Commissioned by the Scottish Chamber Orchestra, generously supported with funds from the Cruden Foundation and the RVW Trust

Instrumentation: Chamber orchestra and live electronics
Duration: c.11'
First performance: Scottish Chamber Orchestra, conducted by Nicolas Altstaedt, at Younger Hall, St Andrews, on 7 November 2018 

"No man is an island, entire of itself; every man is a piece of the continent, a part of the main. If a clod be washed away by the sea, Europe is the less, as well as if a promontory were, as well as if a manor of thy friend's or of thine own were: any man's death diminishes me, because I am involved in mankind, and therefore never send to know for whom the bell tolls; it tolls for thee."
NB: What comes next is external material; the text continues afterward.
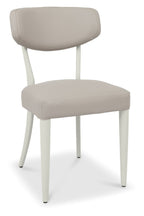 Grey Bonded Leather Curved Back Dining Chair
John Donne, from Meditation XVII (1624)

John Donne’s famous ‘Meditation XVII’ (1624) exhorts us to recognise our shared humanity, a plea which is utterly contemporary in a world where self-interest and insularity threaten to divide communities and smother alternative discourses.  Donne’s reflections are triggered by the tolling of a distant bell, the sound of which provides the basic material for this piece, through both recorded samples and the orchestra's harmonic material. 

Rung out across the country when Armistice was declared, church bells are potent markers of both joy and despair, public sounds with personal resonances summoning a complex web of associations.  In association with SCO Connect, the Armistice Bells project invited members of the public to record their local church bells to be included within the electronic fabric of the piece.

A series of huge composite bell-strikes gradually disperses and is woven into a softly tolling tapestry of bells surrounding the audience.  From within the orchestra a song is born, grows, then fades away.  All the while the bells continue, a reverberating tracery of recorded sound contributed by members of the public across Scotland.  Eventually these too fade, and the tapestry dissolves.